The rain continued the following day and was so heavy at one point that we had to bring down the tarpaulin on the sides of the boat. It meant we lost our view and also meant we missed a second village visit.  We did make one stop, however, so that our captain could buy something to take home for his dinner. As we approached we saw a woman holding a catfish and a flatter fish from a piece of string. Following shortly behind was another woman, this time with a pair of moles strung together. The final offering was a woman carrying a red bucket with a large piece of smoked python inside!  Vong explained that mole is quite popular and that our captain and his first mate had already had some for breakfast.
 
After lunch we stopped at the Pak Ou caves.
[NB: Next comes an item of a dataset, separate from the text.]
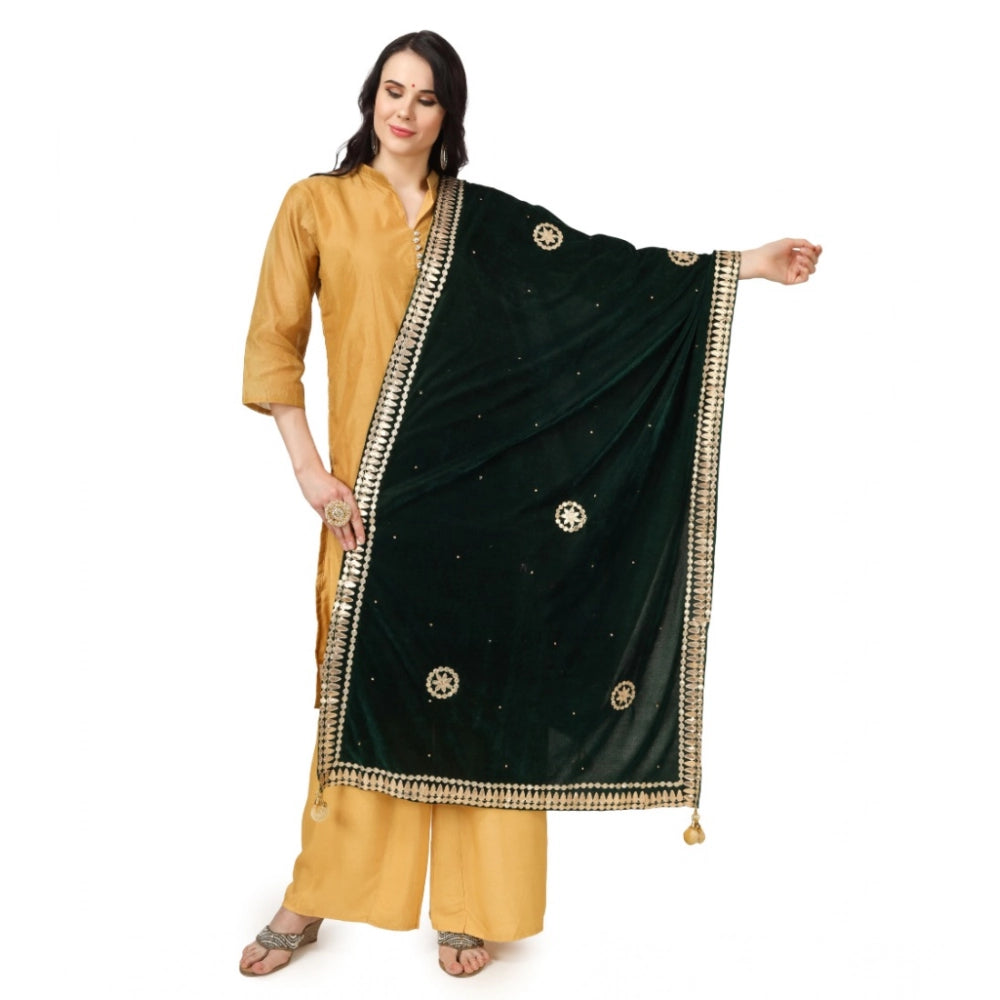 Seduva Women's Velvet Gotta Patti Dupatta (Green, Length:��2.25 to 2.50 Mtr)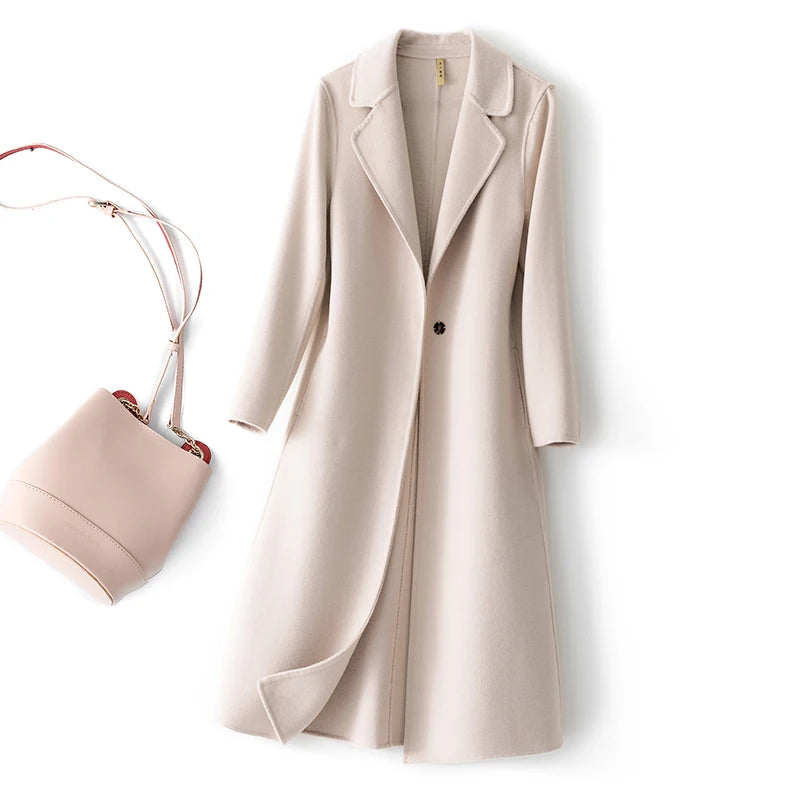 Modischer, einfacher Damenmantel Herbst und Winter Neu Ein-Knopf 100% reine Wolle Wendbarer Wollmantel Langer wilder Damen-Oberteil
They are a group of caves that have been used for centuries to house old and unwanted Buddha images. It was especially used in times of conflict when temples were being ransacked.
 
The lower cave is a kind of grotto full of more than 2,500 Buddha images. There is a small altar where we offered small posies of marigolds and incense sticks. We then walked to the upper cave. A walkway winds its way around the cliff and then up some 200 steps, some of which are fairly steep. At the entrance to the cave is a very large happy Buddha covered in gold leaf. Inside, the cave is very dark so we had to carry torches. We spotted a whole group of small bats on the ceiling. At the back is a fair sized altar with a large raised platform in front of it. Vong explained that the caves were once patronised by royalty and this platform is reserved for the King.
 
The sun came out for the final leg of our journey. We arrived in Luang Prabang, the former capital of Laos, at around 4:30pm. We jumped into more songthaews and headed to the Thongbay Guesthouse. Brian, our tour leader, had told us that this was his favourite place on the trip, but even so we were all pretty amazed when we pulled up.
 
The guesthouse is actually a series of beautiful, timber bungalows on stilts, each with their own balcony area. In the centre of them is a pond surrounded by immaculate gardens and lawn. I was lucky enough to get a room to myself that overlooked the river below. It was idyllic.
 
Brian had organised with the guesthouse to provide a BBQ for dinner. The food definitely lived up to the surroundings. We had deliciously tasty potato soup to start, with garlic bread and coriander. Next we had BBQ chicken, mash potato, tuna salad, laos salad and chips. Finally they brought out plates of fresh fruit. We were all in great spirits and carried on drinking into the early hours.
 
My first full day in Laos and I had breakfast delivered to my balcony so that I could eat it whilst overlooking the Mekong. What a great way to start the day! I was the first up so decided to head into the town to explore.
 
Luang Prabang is a UNESCO World Heritage site and is said to be the closest example of a genuine Laos working village. There's one main road through the centre and each side is dotted with temples. I didn't think it was as beautiful as all the guidebooks claimed but it certainly has that something about it that makes a place feel special. I headed to Xiang Thong Temple first, as it claims to be Laos finest. Tucked back a little off the main road it took a little finding but was worth the effort.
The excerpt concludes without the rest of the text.